» Task requirements
Retype the listing below line for line, but only from the line with "Aurel Dragos Munteanu" down to the line with "联合队以大比分战胜江苏队荣膺十四运会女篮成年组冠军", inclusive. Pictures stay out.

» Entries provided
┌──

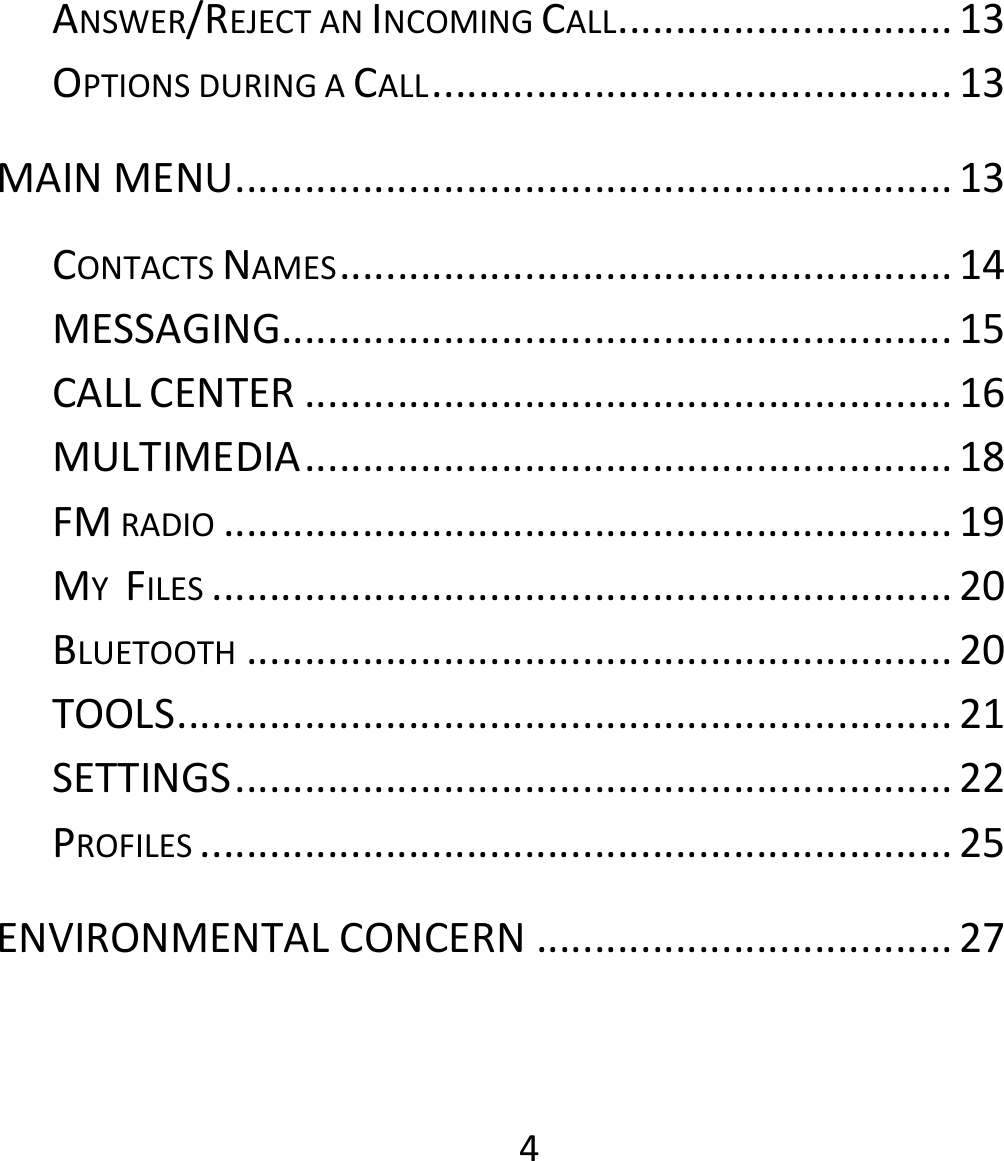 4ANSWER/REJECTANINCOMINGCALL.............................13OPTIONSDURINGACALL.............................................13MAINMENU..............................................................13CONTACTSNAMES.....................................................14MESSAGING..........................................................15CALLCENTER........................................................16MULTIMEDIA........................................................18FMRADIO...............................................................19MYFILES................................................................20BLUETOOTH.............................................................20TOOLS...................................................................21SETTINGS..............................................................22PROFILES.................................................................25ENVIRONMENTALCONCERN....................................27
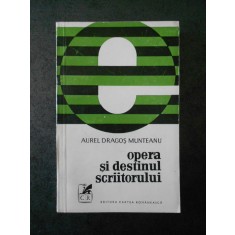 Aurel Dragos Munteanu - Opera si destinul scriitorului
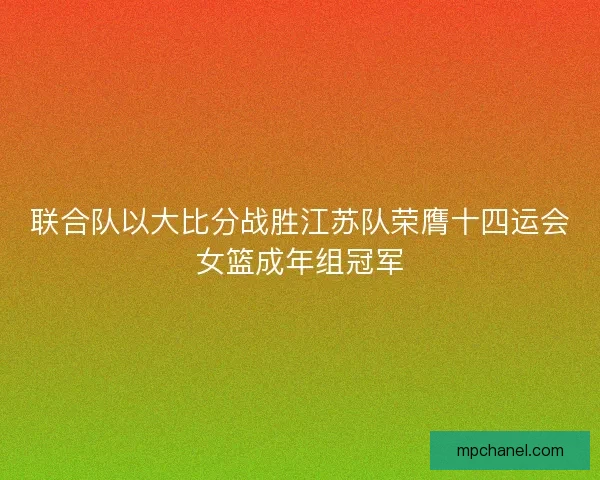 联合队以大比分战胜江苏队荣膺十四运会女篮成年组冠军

└──
┌──

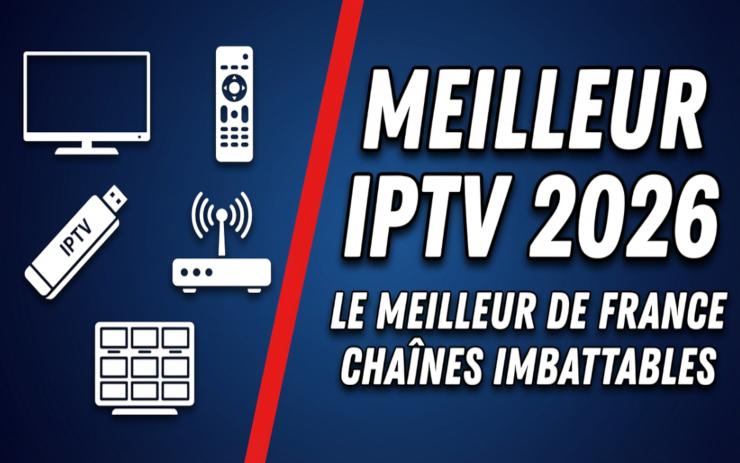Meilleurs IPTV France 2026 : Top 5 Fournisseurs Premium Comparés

└──

» Written solution
 Aurel Dragos Munteanu - Opera si destinul scriitorului
 联合队以大比分战胜江苏队荣膺十四运会女篮成年组冠军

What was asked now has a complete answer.